Les tiraillements entre les républiques, les contrecoups de la libéralisation de l'économie qui s'achemine vers un système de marché, la montée des oppositions de gauche et de droite insufflent à la vie politique une intensité jamais atteinte.

Le 16 décembre 1969, dans un discours retentissant, le maréchal Tito lance un appel à la vigilance, dénonçant « l'union des vieux réactionnaires, des anarcho-libéraux et des dogmatiques ». Cet étrange amalgame est éclairé par une série de faits. En septembre, l'organe de l'Union des écrivains serbes, Knijevnenoviny, est saisi : deux jours avant l'arrivée à Belgrade d'Andréi Gromyko, ministre soviétique des Affaires étrangères, un article d'une rare violence stigmatisait la conduite de la soldatesque russe à Prague. Voilà pour les anarcho-libéraux. En octobre, la pièce Quand fleurissaient les courges est retirée de l'affiche : elle faisait l'éloge de ceux qui, en 1948, s'étaient opposés à la rupture avec l'URSS. Voilà pour les dogmatiques. Simultanément, certaines républiques de la fédération yougoslave ruent dans les brancards. La Slovénie unanime proteste parce qu'on l'a privée d'une autoroute pourtant promise.

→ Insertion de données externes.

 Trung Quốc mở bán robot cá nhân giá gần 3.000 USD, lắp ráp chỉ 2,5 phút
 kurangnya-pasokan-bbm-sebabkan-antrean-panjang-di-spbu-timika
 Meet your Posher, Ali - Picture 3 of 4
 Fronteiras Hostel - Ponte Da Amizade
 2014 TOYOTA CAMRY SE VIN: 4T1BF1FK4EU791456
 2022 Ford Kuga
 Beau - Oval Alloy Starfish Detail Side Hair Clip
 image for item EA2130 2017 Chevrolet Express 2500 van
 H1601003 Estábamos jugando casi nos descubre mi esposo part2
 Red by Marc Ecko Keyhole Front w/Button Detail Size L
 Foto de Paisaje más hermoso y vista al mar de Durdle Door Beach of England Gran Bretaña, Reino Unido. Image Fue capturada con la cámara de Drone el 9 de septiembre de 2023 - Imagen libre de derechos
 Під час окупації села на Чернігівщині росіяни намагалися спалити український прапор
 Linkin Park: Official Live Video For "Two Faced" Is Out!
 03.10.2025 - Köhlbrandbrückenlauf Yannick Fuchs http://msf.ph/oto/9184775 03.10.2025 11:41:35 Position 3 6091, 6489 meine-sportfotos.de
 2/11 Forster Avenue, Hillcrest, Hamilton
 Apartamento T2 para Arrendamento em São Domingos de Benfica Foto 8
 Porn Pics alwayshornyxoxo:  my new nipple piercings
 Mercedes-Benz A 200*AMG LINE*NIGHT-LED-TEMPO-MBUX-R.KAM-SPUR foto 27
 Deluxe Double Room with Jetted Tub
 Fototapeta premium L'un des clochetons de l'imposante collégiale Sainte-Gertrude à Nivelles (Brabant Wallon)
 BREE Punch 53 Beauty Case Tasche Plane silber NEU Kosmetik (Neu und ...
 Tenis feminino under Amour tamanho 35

La Slovénie, encore elle, le Monténégro et la Macédoine s'indignent de ce qu'ils n'ont toujours pas de raffineries de pétrole (très rentables en Yougoslavie), alors que la Bosnie et la Serbie en sont pourvues (et suffisent à alimenter le marché intérieur). Ces revendications provinciales servent de toile de fond à une agitation souvent confuse, mais qui témoigne de l'étonnante vitalité du système yougoslave.

En novembre 1969 éclate l'affaire Milos Janko. Ce dirigeant du PC croate (il est aussi vice-président du Parlement fédéral) s'en prend aux tendances chauvines et nationalistes en Croatie. Trouvant ces accusations injustifiées, le parti croate le désavoue en décembre, et quatre mois plus tard l'Assemblée nationale croate le prive de son mandat de député. Milos Janko est assimilé par ses adversaires aux dogmatiques, qu'on commence à appeler kominformistes (par référence à la décision du Kominform qui condamna la Yougoslavie en 1948).

Dans les premiers mois de 1970, la campagne contre les kominformistes se précise. Il semble, en effet, que ceux qu'on affuble de cette étiquette sont assez nombreux dans le parti et dans l'administration : fonctionnaires fédéraux qu'inquiète la large autonomie accordée aux républiques, notables de l'appareil du PC qui craignent une accélération du processus de libéralisation. Ils se tournent donc automatiquement vers l'URSS. Celle-ci, si l'on en croit les accusations yougoslaves, n'y est pas restée indifférente. On cite des cas de démarches de techniciens soviétiques auprès de plusieurs entreprises en difficulté, leur promettant des contrats très avantageux. L'affaire prendra une telle proportion que le 20 février 1970 le parti serbe dénoncera « les pays étrangers qui veulent briser l'unité de la nation », visant en termes voilés l'URSS.

En réalité, le véritable débat, une fois débarrassé des étiquettes et des problèmes des particularismes nationaux, oppose ceux qui veulent approfondir les caractéristiques originales du modèle yougoslave en poursuivant la réforme économique, même si elle entraîne certaines modifications de type capitaliste, et ceux qui réclament un retour aux principes marxistes-léninistes. C'est pourquoi, parmi ces derniers, on retrouve non seulement des dogmatiques, mais aussi quelques représentants d'une opposition de type gauchiste, comme les rédacteurs du journal étudiant Student, qui seront révoqués le 11 janvier 1970.

La très grande liberté accordée aux entreprises yougoslaves est d'ailleurs trop neuve pour ne pas susciter plusieurs critiques. Ce qu'elles ont gagné en dynamisme elles l'ont perdu en stabilité : plus d'un tiers des entreprises qui s'étaient rapidement développées grâce à l'assouplissement des mécanismes de crédit étaient insolvables en 1969 ; les salaires avaient augmenté de 16 %, mais le revenu national de 9 % seulement.